__DATA UNDER STUDY__
*** Begin section ***

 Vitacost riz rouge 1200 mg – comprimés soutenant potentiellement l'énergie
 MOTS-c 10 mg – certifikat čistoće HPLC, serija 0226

*** End section ***
*** Begin section ***

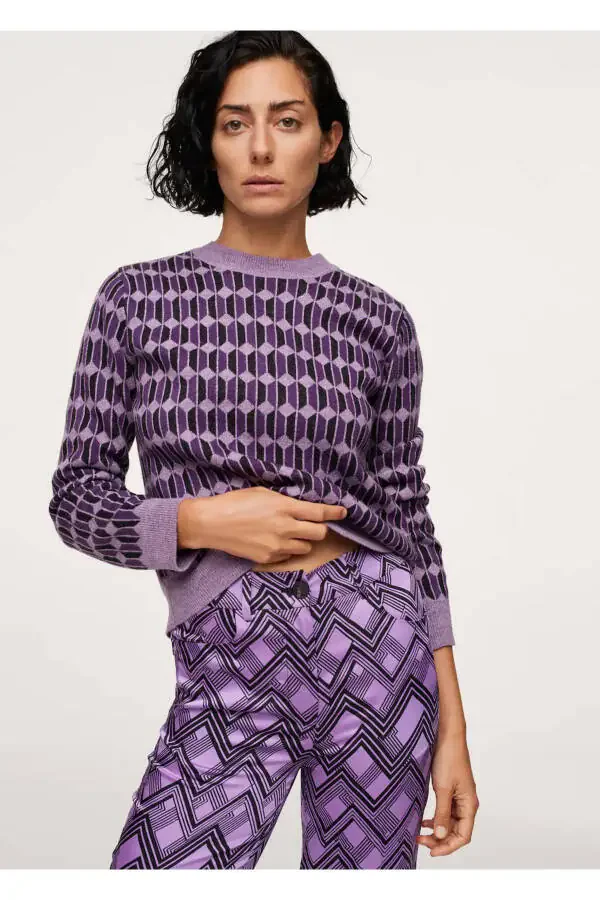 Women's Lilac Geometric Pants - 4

*** End section ***
*** Begin section ***

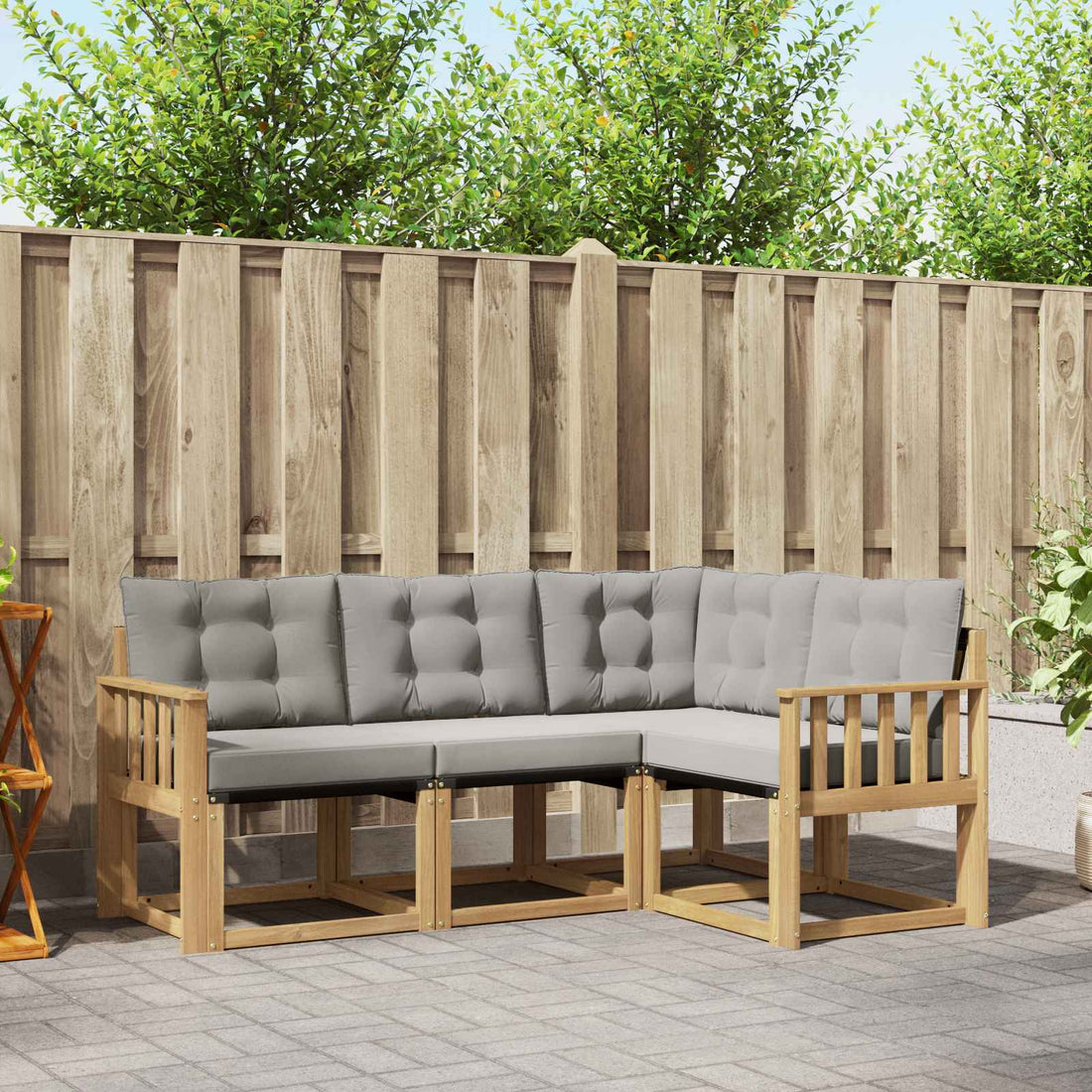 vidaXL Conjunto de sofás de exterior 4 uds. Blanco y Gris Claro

*** End section ***

__WHAT TO PRODUCE__
Print the lines above from the one with "Vitacost riz rouge" through the one with "MOTS-c 10 mg", both included, exactly as written and nothing more.

__OUTPUT FOR THIS TASK__
 Vitacost riz rouge 1200 mg – comprimés soutenant potentiellement l'énergie
 MOTS-c 10 mg – certifikat čistoće HPLC, serija 0226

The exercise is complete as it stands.